Pérez explained that Royal Decree laws are instruments that can only be used in extraordinary circumstances as they have legal force but do not require parliamentary approval. The appeal against the Royal Decree claimed that the tariff deficit under the FiTs was not an urgent situation, but the court rejected this.

Secondly, referring to legal certainty, the court said there is no “petrification of the legal norms” and therefore the government is able to change these laws at will, according to Pérez.

Thirdly, the court decided that renewable energy producers should have foreseen that there was a possibility of change in the law, and therefore rejected the appeal based on ‘legitimate expectation’. It said these expectations of possible changes should have come in a few months before the norm was applied in July 2013.

However Pérez claimed that this decision does not take into account the nature of renewables “especially PV”, where the majority of investment takes place at the very beginning of a project with investment recovered over a period of several years afterwards.
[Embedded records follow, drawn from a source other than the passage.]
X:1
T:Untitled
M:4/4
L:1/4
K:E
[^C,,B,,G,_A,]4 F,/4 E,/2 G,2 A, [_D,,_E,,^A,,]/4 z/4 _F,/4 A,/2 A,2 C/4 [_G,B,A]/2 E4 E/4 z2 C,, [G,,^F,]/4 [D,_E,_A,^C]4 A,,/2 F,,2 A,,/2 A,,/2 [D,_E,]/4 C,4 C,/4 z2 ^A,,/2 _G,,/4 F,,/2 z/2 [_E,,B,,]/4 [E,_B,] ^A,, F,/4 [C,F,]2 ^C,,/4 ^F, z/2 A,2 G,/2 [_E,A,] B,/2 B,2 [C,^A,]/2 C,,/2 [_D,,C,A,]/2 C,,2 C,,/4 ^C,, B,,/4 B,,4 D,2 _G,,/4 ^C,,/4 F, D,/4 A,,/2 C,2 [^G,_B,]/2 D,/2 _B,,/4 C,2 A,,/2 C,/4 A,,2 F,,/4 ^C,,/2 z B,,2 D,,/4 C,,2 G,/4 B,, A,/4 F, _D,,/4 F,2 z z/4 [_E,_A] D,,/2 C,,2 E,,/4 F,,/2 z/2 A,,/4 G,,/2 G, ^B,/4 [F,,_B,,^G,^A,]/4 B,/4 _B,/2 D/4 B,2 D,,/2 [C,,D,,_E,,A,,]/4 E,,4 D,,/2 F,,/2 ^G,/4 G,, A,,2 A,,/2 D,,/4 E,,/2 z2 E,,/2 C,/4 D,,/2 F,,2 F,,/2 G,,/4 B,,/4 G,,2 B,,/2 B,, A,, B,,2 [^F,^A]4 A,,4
Pérez said: “If the tariff regime is changed after five years, the producer will not have recovered its investment and there will be no margin for the producer to change its activity.”

Therefore Pérez said producers should only have to foresee possible law changes “at the moment of investment” rather than a few months before a change in the norm.
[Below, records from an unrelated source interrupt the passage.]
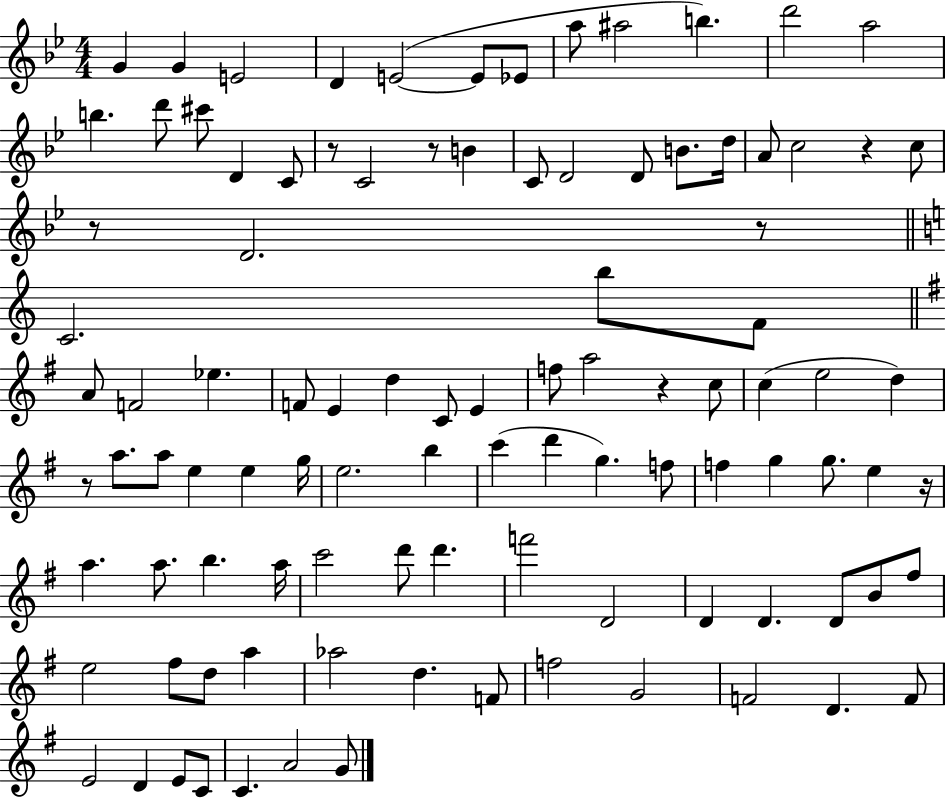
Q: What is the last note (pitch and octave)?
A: G4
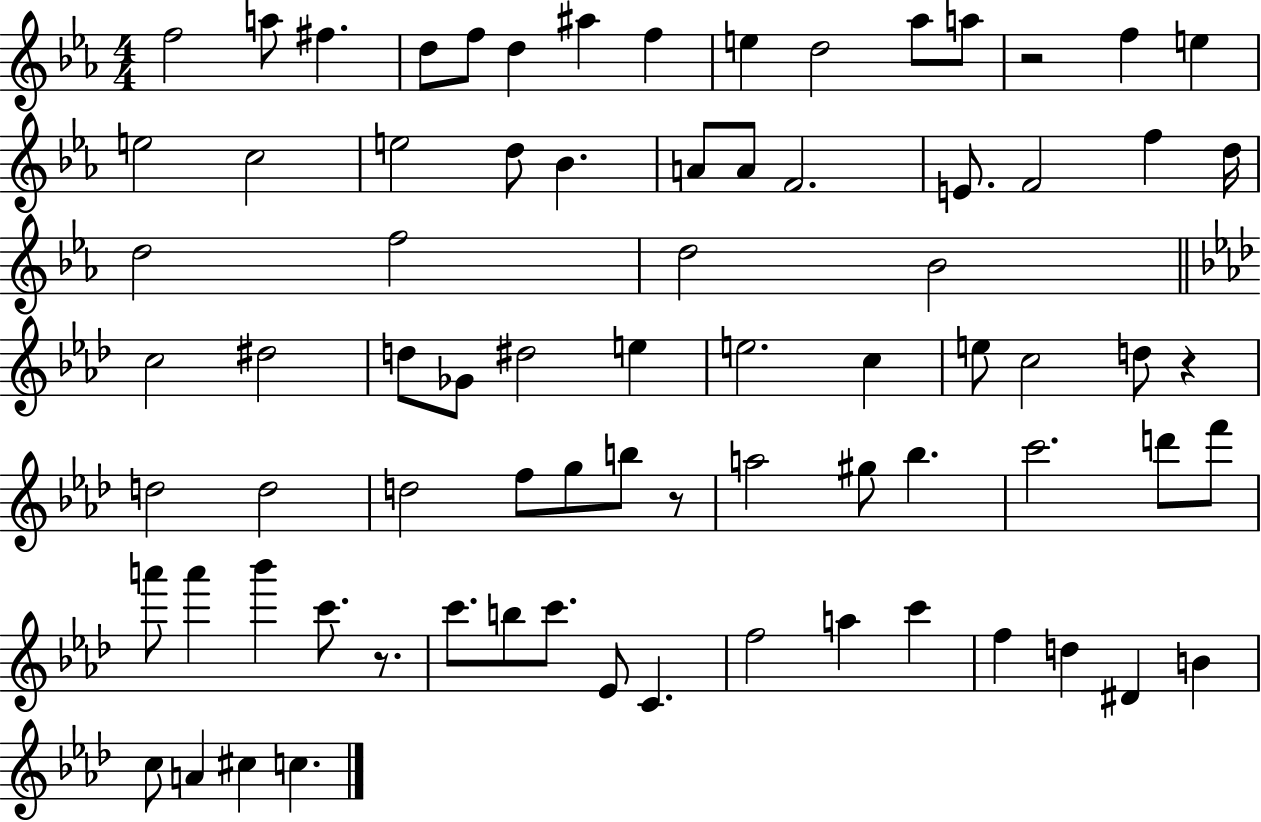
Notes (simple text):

F5/h A5/e F#5/q. D5/e F5/e D5/q A#5/q F5/q E5/q D5/h Ab5/e A5/e R/h F5/q E5/q E5/h C5/h E5/h D5/e Bb4/q. A4/e A4/e F4/h. E4/e. F4/h F5/q D5/s D5/h F5/h D5/h Bb4/h C5/h D#5/h D5/e Gb4/e D#5/h E5/q E5/h. C5/q E5/e C5/h D5/e R/q D5/h D5/h D5/h F5/e G5/e B5/e R/e A5/h G#5/e Bb5/q. C6/h. D6/e F6/e A6/e A6/q Bb6/q C6/e. R/e. C6/e. B5/e C6/e. Eb4/e C4/q. F5/h A5/q C6/q F5/q D5/q D#4/q B4/q C5/e A4/q C#5/q C5/q.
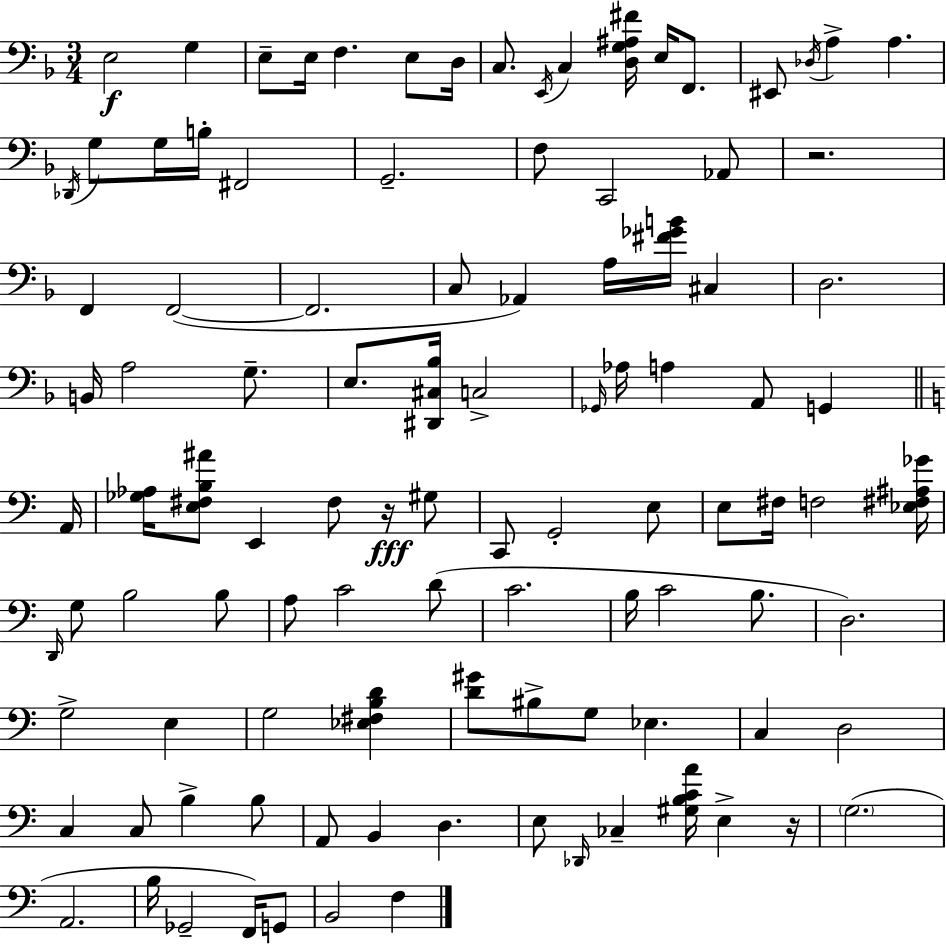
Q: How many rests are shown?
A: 3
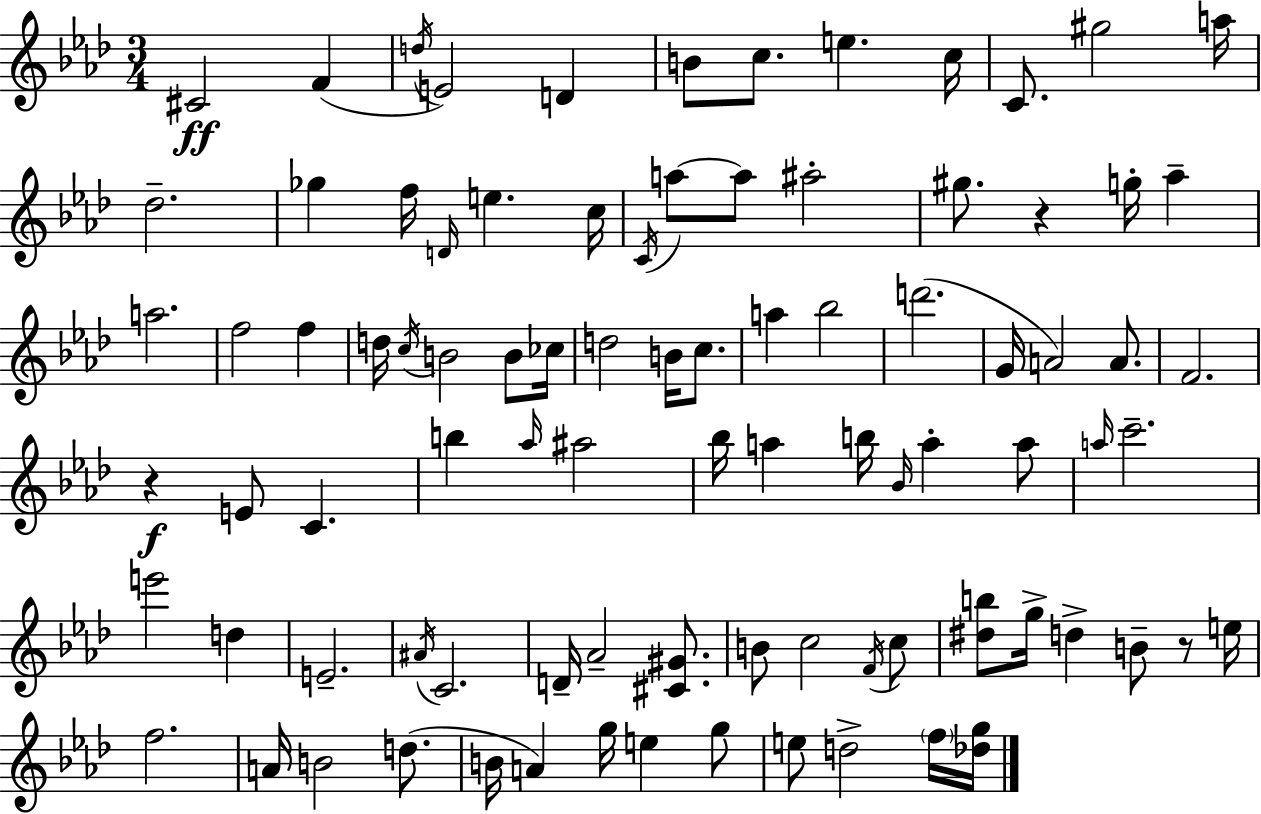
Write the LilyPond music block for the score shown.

Furthermore, Pérez said that three out of the 11 judges have signed a dissenting opinion against the court ruling, saying that the reasoning should be more elaborated, as the court faces a very delicate issue.

In related news, Spain’s Supreme Court has found an administrative appeal by the Association of Renewable Energy Producers (APPA) against new legislation on the self-consumption of PV to be legally admissible.

Pérez that this was a “positive step” for the appeal against Spain's so-called 'Sun Tax', but it is only a basic qualification for the APPA to participate in the legal process and no significant decision has been made.